Idola or images were thrown off from objects, which determined the tone of thoughts, feelings, dreams, divinations, &c.
As Demokritus supposed both sensations and thoughts to be determined by effluvia from without, so he assumed a similar cause to account for beliefs, comfortable or uncomfortable dispositions, fancies, dreams, presentiments, &c. He supposed that the air contained many effluences, spectres, images, cast off from persons and substances in nature — sometimes even from outlying very distant objects which lay beyond the bounds of the Kosmos. Of these images, impregnated with the properties, bodily and mental, of the objects from whence they came, some were beneficent, others mischievous: they penetrated into the human body through the pores and spread their influence all through the system.[240] Those thrown off by jealous and vindictive men were especially hurtful,[241] as they inflicted suffering corresponding to the tempers of those with whom they originated. Trains of thought and feeling were thus excited in men’s minds; in sleep,[242] dreams, divinations, prophetic warnings, and threats, were communicated: sometimes, pestilence and other misfortunes were thus begun. Demokritus believed that men’s happiness depended much upon the nature and character of the images which might approach them, expressing an anxious wish that he might himself meet with such as were propitious.[243] It was from grand and terrific images of this nature, that he supposed the idea and belief of the Gods to have arisen: a supposition countenanced by the numerous tales, respecting appearances of the Gods both to dreaming and to waking men, current among the poets and in the familiar talk of Greece.

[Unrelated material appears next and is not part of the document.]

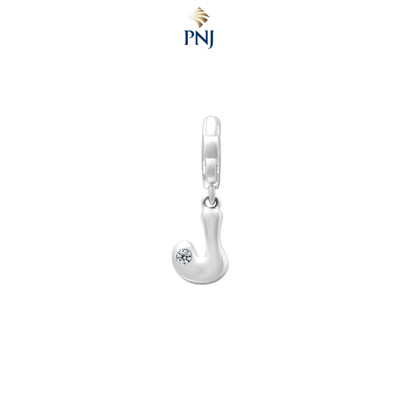 Hạt Charm Bạc đính đá STYLE By PNJ Friendship XM00W000081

[240] Demokriti Frag. p. 207, Mullach; Sext. Empiric, adv. Mathemat. ix. 19; Plutarch, Symposiac. viii. 10, p. 735 A.
[241] Plutarch, Symposiac. v. 7, p. 683 A.
[242] Aristotel. De Divinat. per Somnum, p. 464, a. 5; Plutarch, Symposiac. viii. 9, p. 733 E. ὅτι καὶ κόσμων ἐκτὸς φθαρέντων καὶ σωμάτων ἀλλοφύλων ἐκ τῆς ἀποῤῥοίας ἐπιῤῥεόντων, ἐνταῦθα πολλάκις ἀρχαὶ παρεμπίπτουσι λοιμῶν καὶ παθῶν οὐ συνήθων.
[243] Plutarch, De Oraculor. Defectu, p. 419. αὐτὸς εὔχεται εὐλόγχων εἰδωλων τυγχάνειν.
Universality of Demokritus — his ethical views.
Among the lost treasures of Hellenic intellect, there are few which are more to be regretted than the works of Demokritus. Little is known of them except the titles: but these are instructive as well as multifarious. The number of different subjects which they embrace is astonishing. Besides his atomic theory, and its application to cosmogony and physics, whereby he is chiefly known, and from whence his title of physicus was derived — we find mention of works on geometry, arithmetic, astronomy, optics, geography or geology, zoology, botany, medicine, music, and poetry, grammar, history, ethics, &c.[244] In such universality he is the predecessor, perhaps the model, of Aristotle. It is not likely that this wide range of subjects should have been handled in a spirit of empty generality, without facts or particulars: for we know that his life was long, his curiosity insatiable, and his personal travel and observation greater than that of any contemporary. We know too that he entered more or less upon the field of dialectics, discussing those questions of evidence which became so rife in the Platonic age. He criticised, and is said to have combated, the doctrine laid down by Protagoras, “Man is the measure of all things”. It would have been interesting to know from what point of view he approached it: but we learn only the fact that he criticised it adversely.[245] The numerous treatises of Demokritus, together with the proportion of them which relate to ethical and social subjects, rank him with the philosophers of the Platonic and Aristotelian age. His Summum Bonum, as far as we can make out, appears to have been the maintenance of mental serenity and contentment: in which view he recommended a life of tranquil contemplation, apart from money-making, or ambition, or the exciting pleasures of life.[246]
[244] See the list of the works of Demokritus in Diogen. Laert. ix. 46, and in Mullach’s edition of the Fragments, p. 105-107. Mullach mentions here (note 18) that Demokritus is cited seventy-eight times in the extant works of Aristotle, and sometimes with honourable mention. He is never mentioned by Plato. In the fragment of Philodemus de Musica, Demokritus is called ἀνὴρ οὐ φυσιολογώτατος μόνον τῶν ἀρχαίων, ἀλλὰ καὶ περὶ τὰ ἱστορούμενα οὐδενὸς ἦττον πολυπράγμων (Mullach, p. 237). Seneca calls him “Democritus, subtilissimus antiquorum omnium”. — Quæstion. Natural. vii. 2. And Dionysius of Hal. (De Comp. Verb. p. 187, R.) characterises Demokritus, Plato, and Aristotle (he arranges them in that order) as first among all the philosophers, in respect of σύνθεσις τῶν ὀνομάτων.
[245] Plutarch, adv. Kolôten, p. 1108.